Definitely. My husband’s an amazing cook, and we love to have people over, so we really wanted to create a space where people could gather and hang out. We spent a lot of time drawing different layouts that would maximize the space and make it feel as practical and comfortable as possible. Vaulting the ceiling was a huge part of that. The kitchen had a faux-recessed ceiling when we moved in, which made it feel even smaller.

a white kitchen with a vaulted ceiling and a big island

Wilczynski likes sitting at the island, drinking a glass of wine, as her husband cooks.

KC:

A faux-recessed ceiling is definitely an interesting choice. Was vaulting it a part of the renovation from the start?

CW:

It was actually a surprise! The contractors were demo-ing the recessed ceiling to make it a few feet higher, and our principal designer, Kirsten Blazek from A1000xBetter, happened to come over. She caught a glimpse of the ceiling and realized it went all the way up to the roof line. So she said to us, “I know we’re on a budget, but I really need you guys to pull some strings and vault this ceiling.” It really did transform the space, and the investment will be worth it tenfold if we ever sell. 

KC:

I swear, the best things can’t be planned. Was the design process just as serendipitous?

CW:

Not quite!

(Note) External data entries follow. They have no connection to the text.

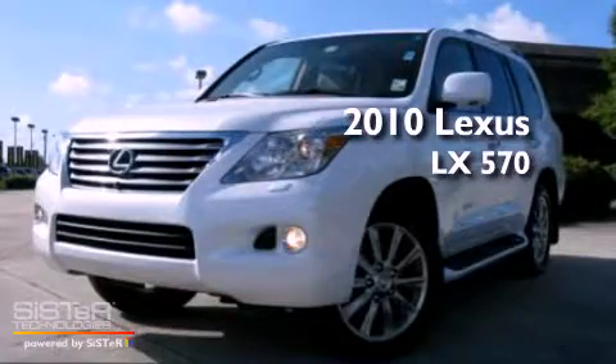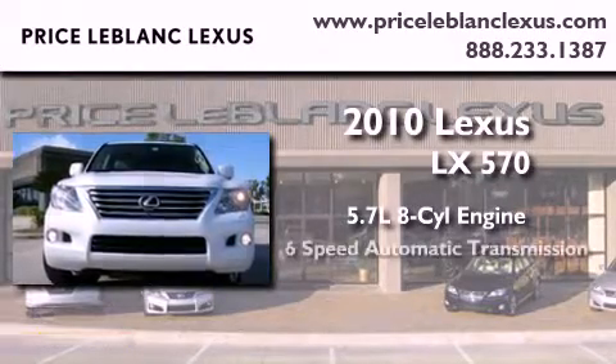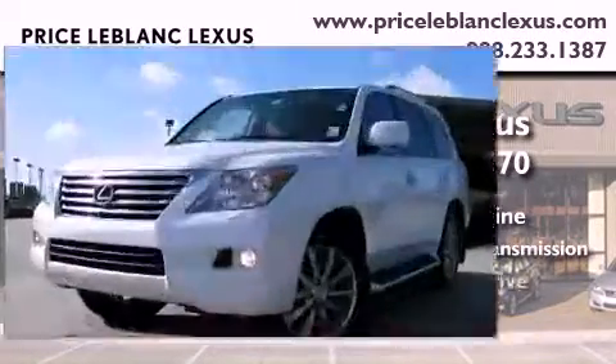This is a 2010 Lexus LX 570. It has a 5.7 liter 8-cylinder engine, a 6-speed automatic transmission, and 4-wheel drive.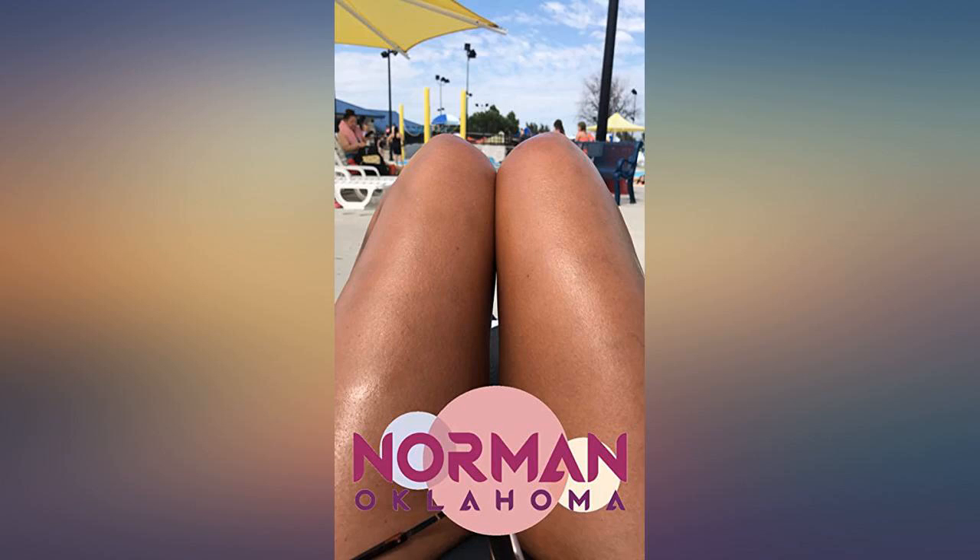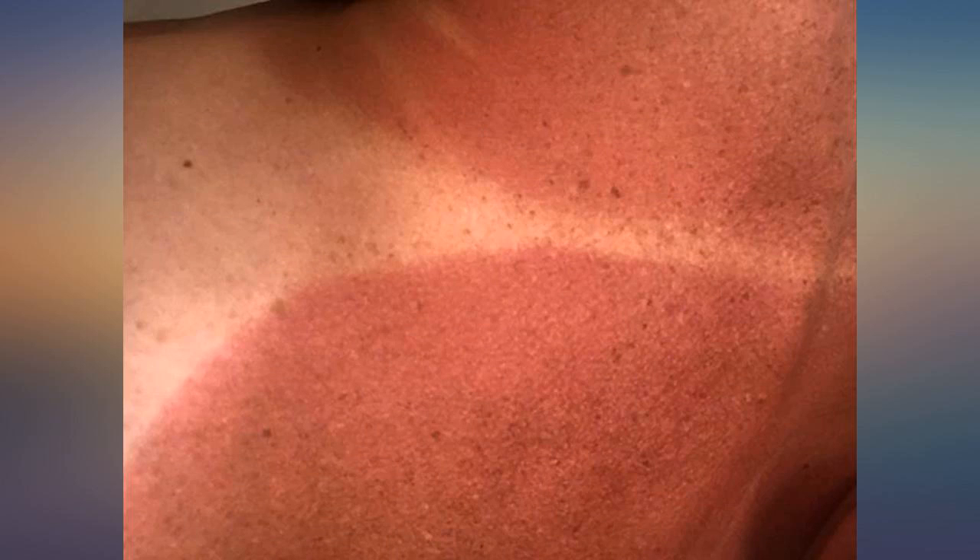This stuff is legit. My daughter wanted me to get it for her and I have started using it myself. The photo is me laying out for about 3 hours. I already have a base tan. It turns red day 1 and the next day it's a year trademark sinus brown. This is probably the tannest I have ever been! Love it!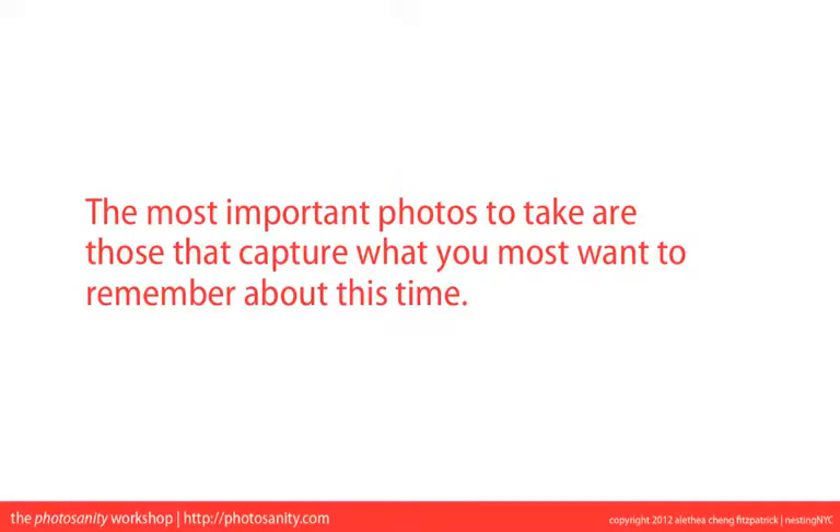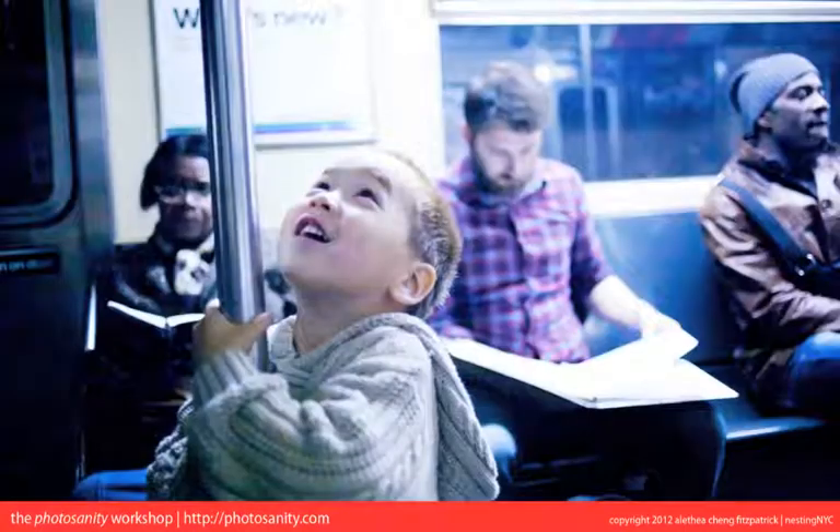This got me thinking about some photos that I took of my three-and-a-half-year-old son Liam riding the subway a few weeks ago. Liam loves the subway. He knows most of the subway lines and where they run, and owns, I think, eight toy subway cars and counting.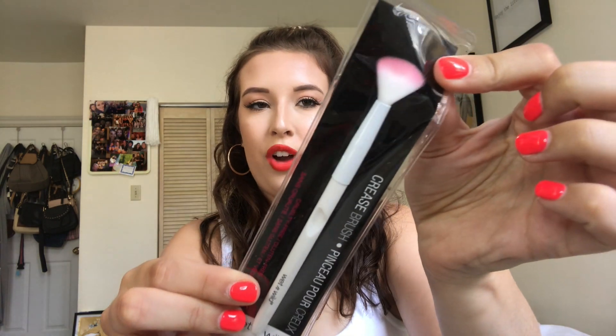I found this little Wet n' Wild brush — it's just a regular crease brush. I love Wet n' Wild brushes, they're so cheap. This was probably about a dollar normally but I got it a little cheaper, and I'll use it all the time.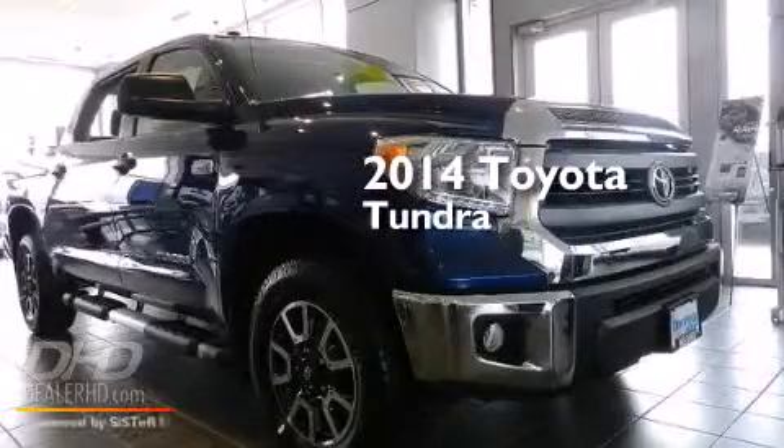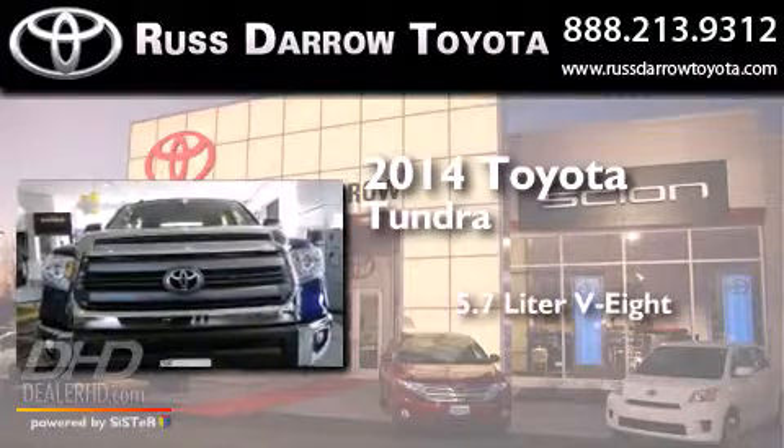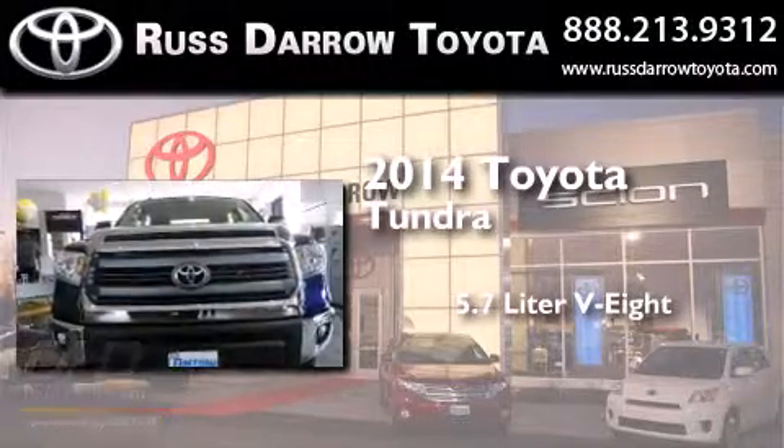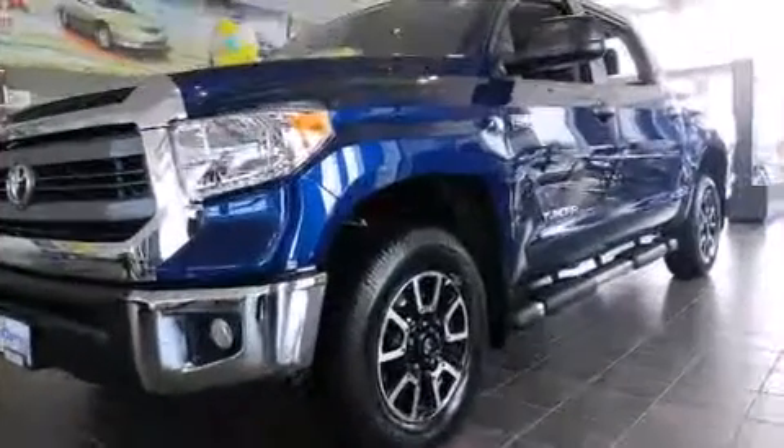This is a brand new 2014 Toyota Tundra. It has a 5.7 liter 8-cylinder engine, an automatic transmission, and the added safety and control of 4-wheel drive.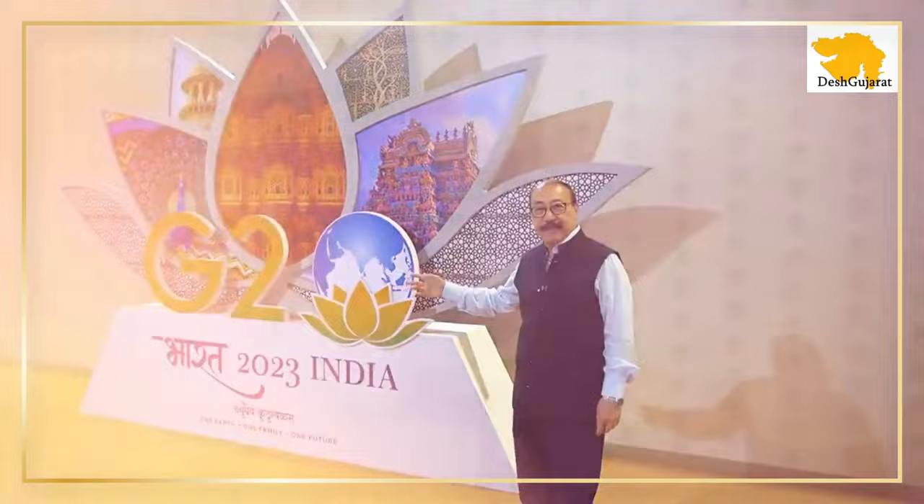Here you see a very nice background — this is a selfie point. International delegates can come here and take photographs and take memories of India's G20 New Delhi Summit 2023.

We had a lot of guidance from our designers—Blazek and senior designer Patrick Maziarski—and we couldn’t have done it without them. This is our first home, and by extension, our first renovation. We essentially gave them a Pinterest board of our ideas and they nailed it with the final moodboard. We’ve always loved midcentury design, but since this house is a 100-year-old California bungalow, it just didn’t fit. We found ourselves gravitating toward Scandinavian-inspired design instead, complete with lots of light, warm neutrals.

open shelving against a green tile backsplash

SSS White Beaded fronts by Semihandmade were picked for the cabinets, and Heath Ceramics extend behind the open shelving.

KC:

It definitely has that warm, minimalist feel.

CW:

Yes, that was another big thing for us. Aside from the three open shelves, everything is hidden away in our cabinets. Semihandmade was clutch from a financial perspective: We were able to get something high-quality and unique without going over budget. I also love the contrast between the crisp white cabinetry and the green backsplash tile. The tiles are handmade, which adds a bit of a vintage feel. We really wanted to keep the home’s historic charm while making the kitchen feel fresh and new.

KC:

I think you guys toe that line perfectly. Were there any other non-negotiables when it came to designing your dream kitchen?

CW:

We didn’t want to go too trendy. We went to so many open houses, and at one point I started thinking, ‘Oh, I remember when that kitchen style was popular seven years ago.’ We sought out a style that would really stand the test of time.

bright open kitchen with a dog in the foreground.

"We found ourselves gravitating toward Scandinavian-inspired design instead, complete with lots of light, warm neutrals," she says.

KC:

To that end, what’s something you see yourself using for years to come?

CW:

I love the island! We’ve never had an island before, and we hang out there all the time. I sit there watching my husband cook and drink wine!

KC:

Cheers to that! Aesthetics aside, how did you want your kitchen to make you and your guests feel?

CW:

It had to feel warm, cozy, and inviting—that was our biggest goal for the entire house. I hoped family and friends would want to stay longer and have just one more glass of wine. We had our first Thanksgiving here last year, and everyone gravitated toward the kitchen. It was jam-packed, and I just loved it. That’s exactly what we wanted to create.